European countries and the U.S. are increasingly hesitant to open doors to Syrians fleeing the country's civil war, especially in the aftermath of recent terrorist attacks and Brexit. But according to New York Times reporter and CBS News contributor Jodi Kantor, Canada has a "totally different attitude."
For her front-page article, "Refugees Encounter a Foreign Word: Welcome," Kantor spoke to Canadians who help Syrians find homes, schools, jobs, and a way to navigate their new culture. The article has become one of the most e-mailed items on the Times website Friday, the same day it was released.
"Canadians in some ways are placing the opposite bet on Syrian refugees as a lot of the rest of the world," Kantor explained on "CBS This Morning" Friday. "They're not only taking Syrian refugees but they're saying, 'come into our homes, we're ordinary citizens, we have no connection to the Middle East, but we are going to volunteer our time and money and spend a year of our lives getting you settled.'"
The U.S. vowed to take in 10,000 Syrian refugees by the end of September, but to date, has resettled less than half that number. Meanwhile, its North American neighbor has taken in more than 25,000. Some of the disparity can be attributed to the fact that despite being roughly the same size as the U.S., Canada has just one tenth of its population. The country also boasts a strong social welfare system, a government that emphasizes multiculturalism and has not lived through deadly attacks in the likes of 9/11 or Orlando.
Kantor's article dives into the stories of several Canadians who have adopted the Syrian refugees into their own families, as part of an one-year sponsorship, during which they provide financial and practical support, from subsidizing food and rent to helping the refugees learn English and find work.
But the process can be tricky. While on the whole, the relationships Kantor observed turned out well, she also noted that cultural differences and reservations of receiving help from strangers could create tensions.
"The refugees are not used to becoming wanted or welcomed," Kantor said. "And when they find out a bunch of strangers are going to spend a year helping them, their attitude is, 'who are you? I can't believe this. What's your ulterior motive?'"
In addition to watching the two sides work out their relationship, Kantor said she was fascinated by how the Syrian refugees' relationships within their immediate families also evolved over time.

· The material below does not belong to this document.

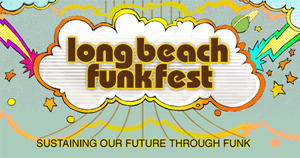 You Must Go To The Long Beach Funk Fest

"Part of what's fascinating to me about the reporting is watching these two sides work out their relationship," Kantor said. "These families eventually have to make money but should the Syrian woman work? That is not something they would've done back at home. Are their husbands comfortable with them working?"
Still, another larger question to be answered is what happens once the sponsorship is over.
"That is part of the suspense. There are all these emotional bonds between these people... And yet, you say when the year is up, does the financial relationship continue? Do they get more help? And then in 20 or 30 years, what does their relationship look like?" Kantor said. "Also, are these families going to be in Canada? Do they have the skills to function well in Toronto, even after a year?"